El gobierno español ha destinado 24 millones de euros a comprar fincas del entorno de Las Tablas de Daimiel para evitar que, desde ellas, se fueran extrayendo nada menos que 4.200 millones de litros de agua cada año provocando la destrucción del humedal y el consiguiente desastre ecológico (Público, 15-1-2011). Sin duda hubiera sido peor no hacer nada, hasta tenemos que dar gracias a la Administración, pero vale la pena reflexionar un poco sobre la cuestión. Lo que descubrimos es que, al final, el único modo que existe en el capitalismo para resolver problemas es el dinero. Ni los Estados pueden hacer política alguna si no es comprando y pagando.
En el caso de Las Tablas de Daimiel, en la provincia de Ciudad Real, se descartó establecer una legislación que impidiera a los propietarios de los terrenos adyacentes extraer agua de los acuíferos que pudiera terminar con un parque natural cuyo valor ecológico ha merecido la visita de 400.000 turistas en 2010. Tampoco se planteó una expropiación (por supuesto, con indemnización) justificada por razones de interés común. Además los ecologistas denuncian la existencia de miles de pozos ilegales alrededor de Las Lablas contra los que no se toman medidas. Hoy quedan 10.000 en el acuífero 23, según WWF. Sin embargo, la acción del gobierno ha sido comprar a los dueños de las tierras por el precio que ellos quisieron. Por ejemplo, la Administración debió pagar 14 millones del erario público para comprarle a una familia de terratenientes la finca La Duquesa, nada menos que 565 hectáreas que colindaban con el Parque Nacional y desde las cuales se extraían 2’3 hectómetros cúbicos de agua a los humedales cada año. Si los terratenientes no estuvieran destruyendo las tablas de Daimiel no hubieran podido vender a ese precio, gracias a su atentado al bien común han conseguido hacer un buen negocio de la mano de un gobierno que solo con la chequera puede atreverse a defender el interés público.
Se pueden extraer varias conclusiones. La primera es que estamos haciendo una sociedad en que el Estado tiene sólo el poder y el derecho del dinero que posea, es decir, como los ciudadanos. Somos lo que nuestra cartera pueda pagar.
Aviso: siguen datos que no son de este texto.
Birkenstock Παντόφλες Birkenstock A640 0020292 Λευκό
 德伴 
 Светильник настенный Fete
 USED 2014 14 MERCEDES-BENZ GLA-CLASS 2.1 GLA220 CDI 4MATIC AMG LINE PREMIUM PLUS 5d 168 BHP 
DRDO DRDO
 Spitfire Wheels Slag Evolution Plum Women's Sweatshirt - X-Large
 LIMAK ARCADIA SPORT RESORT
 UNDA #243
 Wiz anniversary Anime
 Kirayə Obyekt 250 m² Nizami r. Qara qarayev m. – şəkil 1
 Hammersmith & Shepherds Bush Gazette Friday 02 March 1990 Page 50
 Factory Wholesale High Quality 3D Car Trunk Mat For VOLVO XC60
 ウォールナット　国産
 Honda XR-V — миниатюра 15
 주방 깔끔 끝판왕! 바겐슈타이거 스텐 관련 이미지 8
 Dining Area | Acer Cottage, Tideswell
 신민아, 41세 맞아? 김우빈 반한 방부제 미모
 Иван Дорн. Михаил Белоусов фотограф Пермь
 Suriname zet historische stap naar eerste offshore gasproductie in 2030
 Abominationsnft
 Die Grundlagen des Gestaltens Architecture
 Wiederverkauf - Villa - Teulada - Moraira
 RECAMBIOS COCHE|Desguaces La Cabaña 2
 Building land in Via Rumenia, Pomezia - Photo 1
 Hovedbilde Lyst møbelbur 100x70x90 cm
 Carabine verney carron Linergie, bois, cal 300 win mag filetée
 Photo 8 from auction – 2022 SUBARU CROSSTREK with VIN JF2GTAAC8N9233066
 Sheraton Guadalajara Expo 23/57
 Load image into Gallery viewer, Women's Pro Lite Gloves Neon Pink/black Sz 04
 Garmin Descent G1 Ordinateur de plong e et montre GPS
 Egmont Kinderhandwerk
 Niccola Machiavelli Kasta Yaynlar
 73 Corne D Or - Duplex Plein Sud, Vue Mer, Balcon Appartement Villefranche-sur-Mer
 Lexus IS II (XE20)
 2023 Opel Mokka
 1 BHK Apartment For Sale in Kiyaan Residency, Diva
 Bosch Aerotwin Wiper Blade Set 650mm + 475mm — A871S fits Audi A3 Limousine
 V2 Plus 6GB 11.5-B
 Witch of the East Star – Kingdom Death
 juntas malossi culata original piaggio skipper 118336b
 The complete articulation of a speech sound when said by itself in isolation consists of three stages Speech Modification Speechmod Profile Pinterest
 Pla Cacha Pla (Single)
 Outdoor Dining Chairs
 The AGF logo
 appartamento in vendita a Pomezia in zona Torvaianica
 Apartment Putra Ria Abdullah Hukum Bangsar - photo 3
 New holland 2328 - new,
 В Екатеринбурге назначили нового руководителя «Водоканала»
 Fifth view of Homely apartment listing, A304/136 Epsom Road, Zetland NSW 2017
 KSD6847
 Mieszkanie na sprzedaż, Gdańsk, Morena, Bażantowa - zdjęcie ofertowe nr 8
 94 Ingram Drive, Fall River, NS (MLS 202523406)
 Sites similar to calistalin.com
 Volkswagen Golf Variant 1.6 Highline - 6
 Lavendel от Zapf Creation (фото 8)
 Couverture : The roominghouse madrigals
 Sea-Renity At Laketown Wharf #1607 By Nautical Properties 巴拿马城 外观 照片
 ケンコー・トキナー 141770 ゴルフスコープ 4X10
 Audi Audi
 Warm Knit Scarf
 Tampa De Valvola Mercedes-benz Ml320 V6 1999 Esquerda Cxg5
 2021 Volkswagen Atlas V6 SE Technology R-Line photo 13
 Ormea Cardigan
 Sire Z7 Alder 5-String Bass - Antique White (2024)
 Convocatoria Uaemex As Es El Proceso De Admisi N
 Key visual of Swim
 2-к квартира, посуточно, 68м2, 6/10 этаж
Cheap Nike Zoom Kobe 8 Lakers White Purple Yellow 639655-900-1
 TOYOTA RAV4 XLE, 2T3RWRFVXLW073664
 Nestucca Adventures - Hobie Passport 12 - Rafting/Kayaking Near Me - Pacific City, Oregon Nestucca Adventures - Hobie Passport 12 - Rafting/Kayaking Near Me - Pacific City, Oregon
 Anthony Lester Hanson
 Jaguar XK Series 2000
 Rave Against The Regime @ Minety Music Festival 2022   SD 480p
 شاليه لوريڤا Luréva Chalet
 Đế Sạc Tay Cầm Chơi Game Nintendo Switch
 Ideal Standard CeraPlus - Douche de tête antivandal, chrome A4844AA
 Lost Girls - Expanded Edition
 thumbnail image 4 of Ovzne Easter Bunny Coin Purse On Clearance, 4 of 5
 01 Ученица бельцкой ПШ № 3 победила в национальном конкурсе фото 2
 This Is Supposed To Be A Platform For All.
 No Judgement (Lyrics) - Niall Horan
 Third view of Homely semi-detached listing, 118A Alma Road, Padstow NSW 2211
De nada sirven derechos y libertades si no se dispone de dinero para “comprarlos”. Si el ministerio español no dispusiese de los 24 millones de euros, unos latifundistas se hubieran cargado un parque natural declarado bien público -que además no era suyo- con todas las de la ley. La segunda conclusión es que hacer daño al bien común puede ser rentable: llega el gobierno y te paga para que dejes de cometer el crimen. Al fin y al cabo ya se hizo comprando en Almería un hotel que violaba la ley de costas, la comunidad autónoma le pagó a los dueños para poder demolerlo. El próximo paso puede ser comprar una empresa contaminante para que no termine con un río. El empresario contaminador haría entonces mejor negocio que si su empresa no dañara al mediambiente.
Hemos convertido el imperio de la ley y el poder público en un talonario de cheques, sólo mediante los fondos que puedan aportar pueden proporcionar derechos colectivos o responder al interés público. Es el turbocapitalismo.